### EXERCISE
Among the entries below, extract exactly the lines that run from the one with "Picture of Joyful" through the one with "Braccialetti elasticizzati con", both ends included.

### DATA FOR THE TASK
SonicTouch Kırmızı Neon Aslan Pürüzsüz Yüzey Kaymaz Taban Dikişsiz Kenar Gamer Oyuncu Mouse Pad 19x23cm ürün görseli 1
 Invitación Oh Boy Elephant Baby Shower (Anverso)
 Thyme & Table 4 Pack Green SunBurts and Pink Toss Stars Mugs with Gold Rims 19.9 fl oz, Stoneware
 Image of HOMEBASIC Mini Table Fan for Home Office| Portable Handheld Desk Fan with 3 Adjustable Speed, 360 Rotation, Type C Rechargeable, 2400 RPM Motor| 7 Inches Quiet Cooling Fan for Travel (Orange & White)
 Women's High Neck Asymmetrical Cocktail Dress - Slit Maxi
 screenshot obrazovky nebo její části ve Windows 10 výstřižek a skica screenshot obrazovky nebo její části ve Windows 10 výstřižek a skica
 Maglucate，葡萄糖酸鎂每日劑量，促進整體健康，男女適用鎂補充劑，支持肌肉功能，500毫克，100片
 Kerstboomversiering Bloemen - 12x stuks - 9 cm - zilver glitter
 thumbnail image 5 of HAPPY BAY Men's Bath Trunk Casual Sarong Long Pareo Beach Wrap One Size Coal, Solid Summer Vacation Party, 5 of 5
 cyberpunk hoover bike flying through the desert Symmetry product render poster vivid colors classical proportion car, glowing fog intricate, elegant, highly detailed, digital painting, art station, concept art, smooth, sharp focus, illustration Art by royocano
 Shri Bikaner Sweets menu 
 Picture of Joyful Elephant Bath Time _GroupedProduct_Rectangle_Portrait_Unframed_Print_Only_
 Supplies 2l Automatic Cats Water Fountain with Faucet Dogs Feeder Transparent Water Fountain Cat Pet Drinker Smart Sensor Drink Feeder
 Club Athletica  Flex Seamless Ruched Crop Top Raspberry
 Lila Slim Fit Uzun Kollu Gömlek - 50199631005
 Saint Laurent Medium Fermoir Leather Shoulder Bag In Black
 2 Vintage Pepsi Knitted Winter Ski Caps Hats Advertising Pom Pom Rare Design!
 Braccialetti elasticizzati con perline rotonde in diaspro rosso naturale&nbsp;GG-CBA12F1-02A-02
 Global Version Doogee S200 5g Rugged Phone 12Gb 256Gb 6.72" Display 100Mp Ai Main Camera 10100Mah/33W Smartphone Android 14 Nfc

### REPLY
 Picture of Joyful Elephant Bath Time _GroupedProduct_Rectangle_Portrait_Unframed_Print_Only_
 Supplies 2l Automatic Cats Water Fountain with Faucet Dogs Feeder Transparent Water Fountain Cat Pet Drinker Smart Sensor Drink Feeder
 Club Athletica  Flex Seamless Ruched Crop Top Raspberry
 Lila Slim Fit Uzun Kollu Gömlek - 50199631005
 Saint Laurent Medium Fermoir Leather Shoulder Bag In Black
 2 Vintage Pepsi Knitted Winter Ski Caps Hats Advertising Pom Pom Rare Design!
 Braccialetti elasticizzati con perline rotonde in diaspro rosso naturale&nbsp;GG-CBA12F1-02A-02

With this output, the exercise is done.